(Foto. El Confital en la década de los 50-colecc. Juan Báez)
Tendría yo 12 o 13 años cuando ocurrió. Mi madre tenía una academia de Corte y Confección, donde enseñaba patronaje y costura a un grupo de chicas entre 16 y 20 años. Entre sus alumnas, estaba yo.
Ese verano de 1950, varias de ellas decidieron ir a merendar al Confital. Desde mi casa en la Isleta, nos fuimos caminando hasta allí. Mi madre me dejó ir, pero con un poco de reserva y me dijo: “ tu no te bañes, que el mar por el Confital es muy peligroso, y te puede pasar algo”. Yo sabia que ella tenia miedo, y desde luego, motivos tenía para ello. Cuando pequeña, se le habían ahogado dos hermanos en el mar al ir a ver a un submarino alemán que había recalado por el antiguo Muelle de las Palmas. Le cogieron el bote que mi abuelo tenía en el Sanapú, y al llegar cerca del muelle, se les viró el bote. Uno de ellos no sabía nadar, y su hermano tratando de salvarlo también se ahogó.

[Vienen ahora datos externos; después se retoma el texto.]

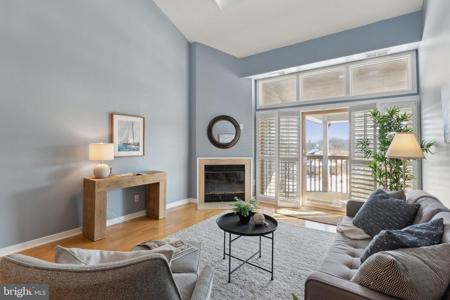 2125 BEACH VILLAGE COURT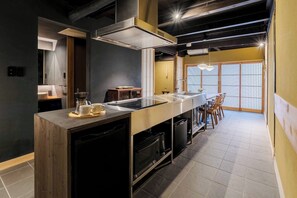 Traditional House, 2 Bedrooms, Kitchen, Garden View | Private kitchen | Mini-fridge, microwave, stovetop, electric kettle - Izuki Machiya House (Kyoto)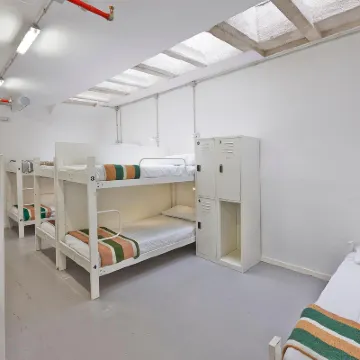 Hola Hostal Collblanc Hotels near Museo de Hospitalet de Llobregat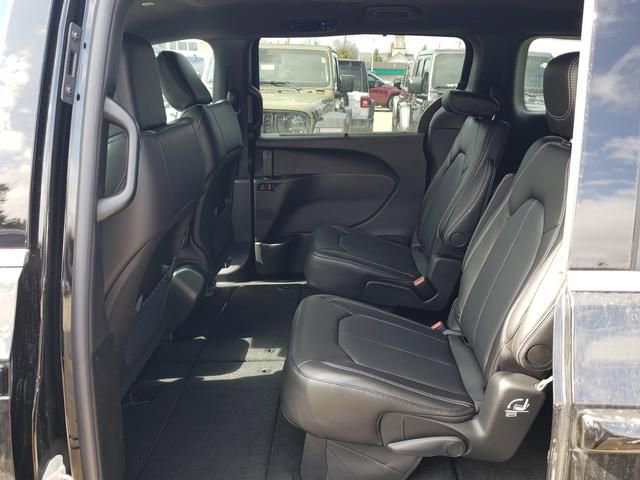 New 2026 Chrysler Voyager LX image 7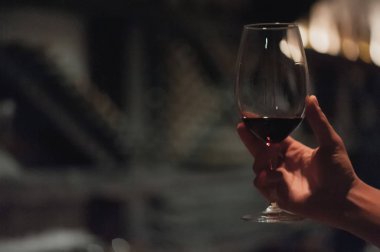 Erkek sommelier uzun saplı kadehlerin Holding şarap dökme.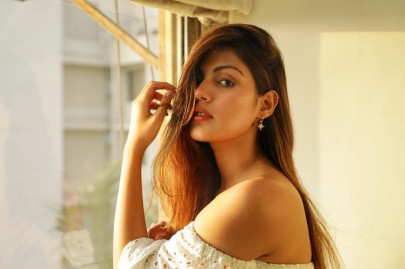 bollywood stands in solidarity with rhea chakraborty after arrest bollywood stands in solidarity with rhea chakraborty after arrest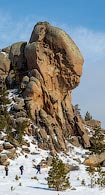 Туристы лыжники у скалы Сфинкс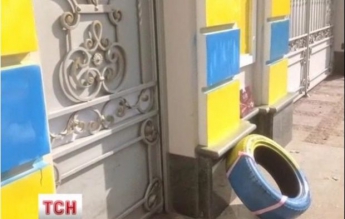 Порошенко празднует день рождения: активисты подарили президенту шину и конфеты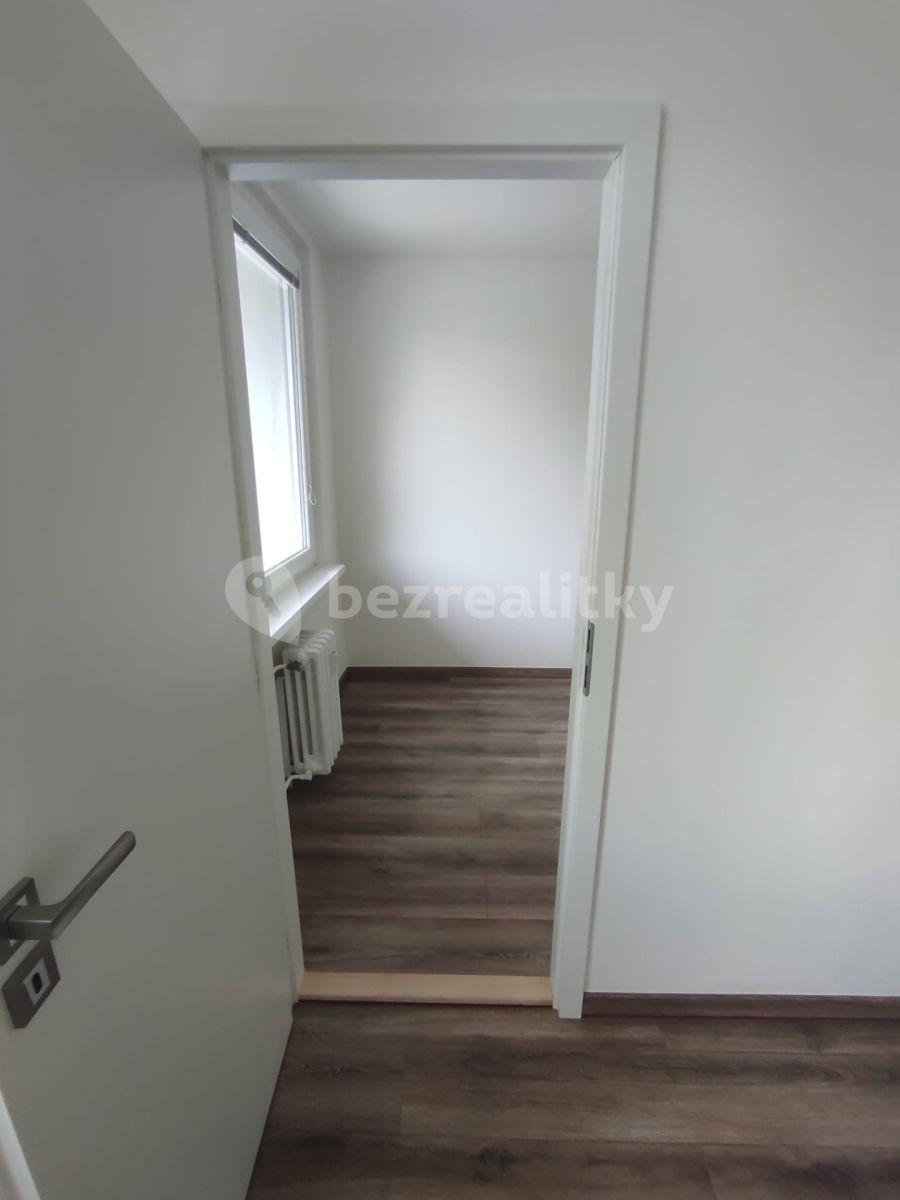 3 bedroom with open-plan kitchen flat for sale, 80 m², Přecechtělova, Prague, Prague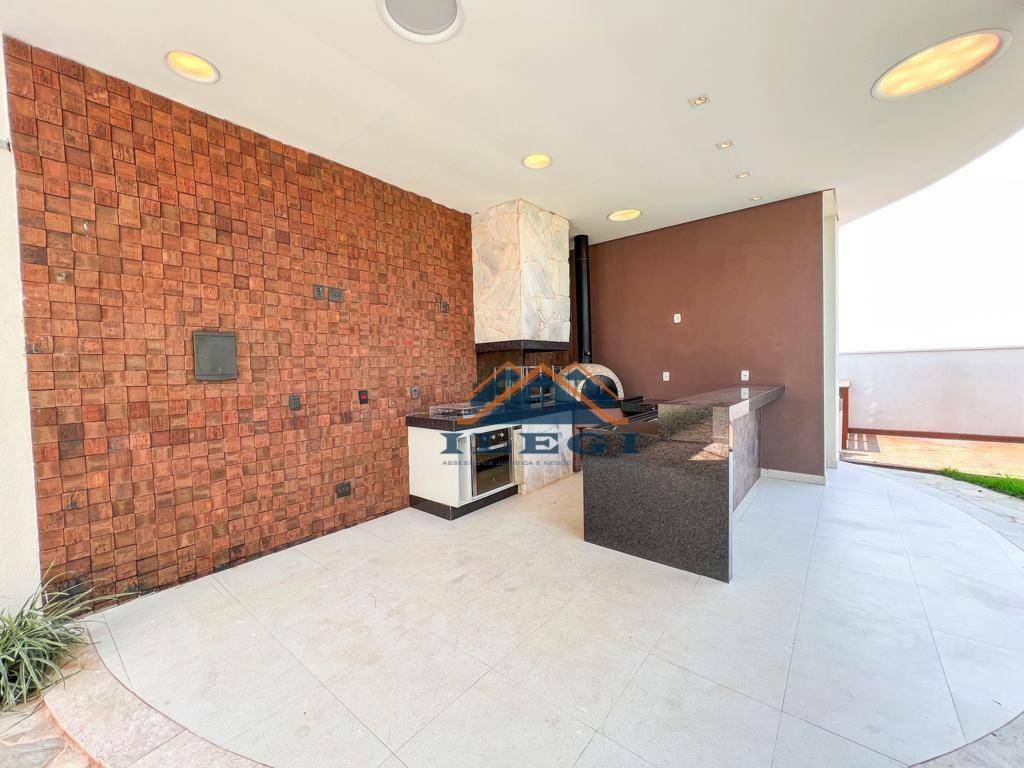 Casa de Condomínio à venda com 3 quartos, 242m² - Foto 5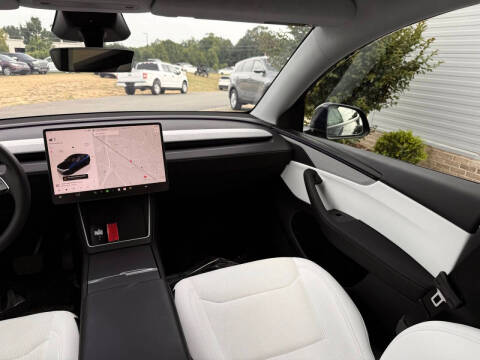 2026 Tesla Model Y Premium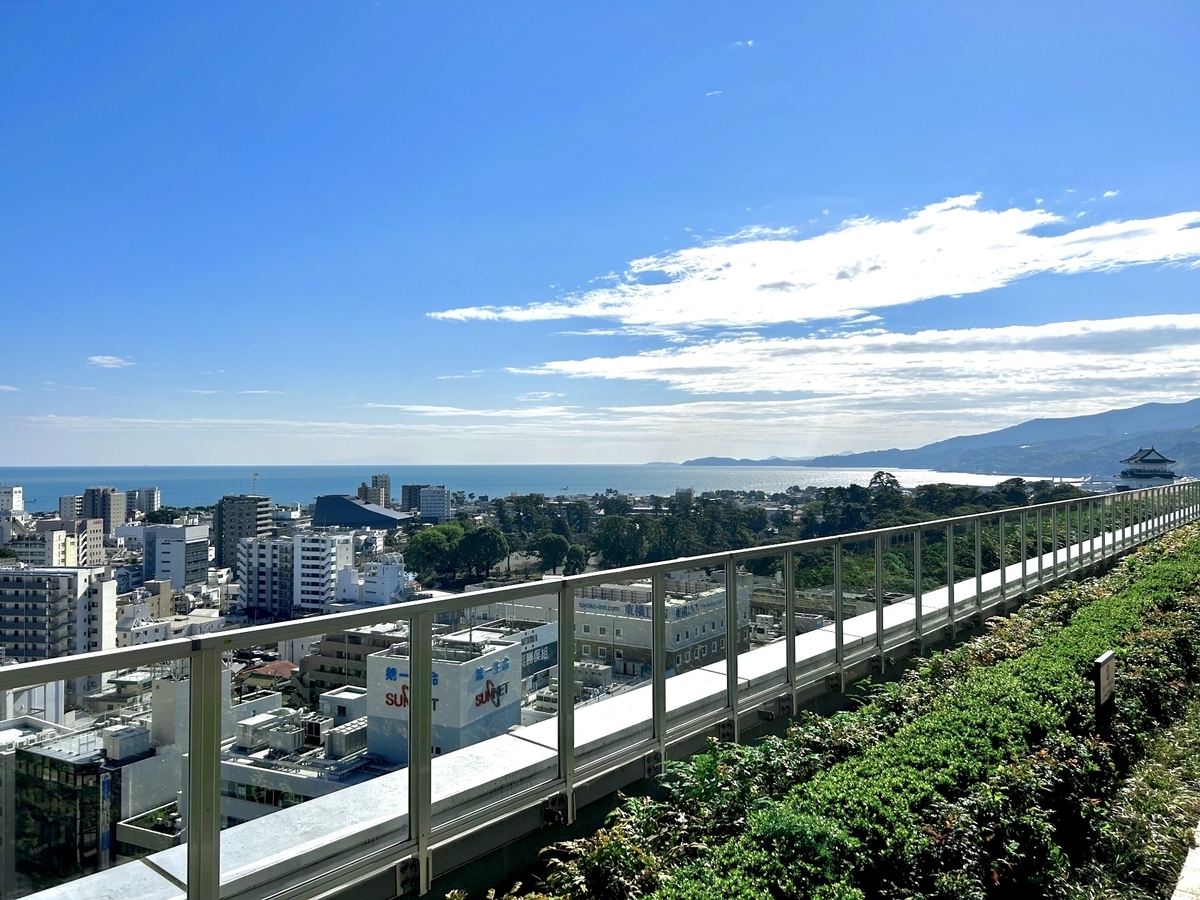 วิวจากเดคชมวิวที่เห็นอ่าวซากามิและปราสาทโอดาวาระ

Desde entonces, mi madre, le cogió respeto al mar, y como consecuencia, no me dejaba bañarme en el. Pero bueno… esto era distinto, solo íbamos a merendar. Y así lo hicimos. Metimos en una talega unos bocadillos y unos refrescos, y andando, que los tiempos no estaban para muchos lujos. Pasamos la tarde jugando, cogiendo sol y remojándonos en los charcos. Allí no había peligro. Pero…. de repente aparecieron unos amigos de las chicas con un bote, venían de la Puntilla y nos invitaron a regresar con ellos. Decían que era mas rápido, más divertido, se les veía que las querían impresionar. Y vaya si las impresionó. Era una invitación atractiva y emocionante, una aventura navegar por detrás de la Barra. Subimos todas encantadas de hacer algo nuevo, nos acomodamos como pudimos, pues éramos muchas y empezó la travesía, íbamos cantando y riendo felices. Cuando nos acercábamos a la Barra, el bote no obedecía, y aunque remaban y remaban con fuerza, se iba derecho a las rocas. Por esa zona había mucha corriente, la mar estaba de reboso y los muchachos no atinaban con el pasillo de entrada. Ya no cantábamos, las chicas empezaron a ponerse nerviosas y algunas de ellas rompieron a llorar. De repente, desde La Puntilla, donde hoy está ubicado el Restaurante La Marinera, oímos que alguien gritaba con un megáfono o cosa así “ boguen pá fuera,” “boguen pá fuera”…. Yo iba sentada en el fondo del bote, pues estaba lleno hasta los topes. En esto, cuando pensábamos que nos estrellábamos contra la Barra, vimos que se nos acercaba un pescador en un barquillo pequeño y remando de píe. Varias de las chicas, las más nerviosas, se pasaron con el. Yo me quedé en el bote sentada viendo como el pescador nos guiaba a través del corte que hay en la barra, por donde ellos salen a pescar, sorteando las olas y peñas con una soltura, digna de un malabarista hasta dejarnos dentro, sanas y salvas. El mar, desde la Barra hasta la orilla, estaba como un plato. Recuerdo que no fui consciente del peligro que habíamos pasado. Bendita ignorancia. Cuando llegamos a la orilla, nos metimos todas en el agua a nadar y a reírnos como si no hubiera pasado nada… mi madre nunca se enteró. Díos nos libre.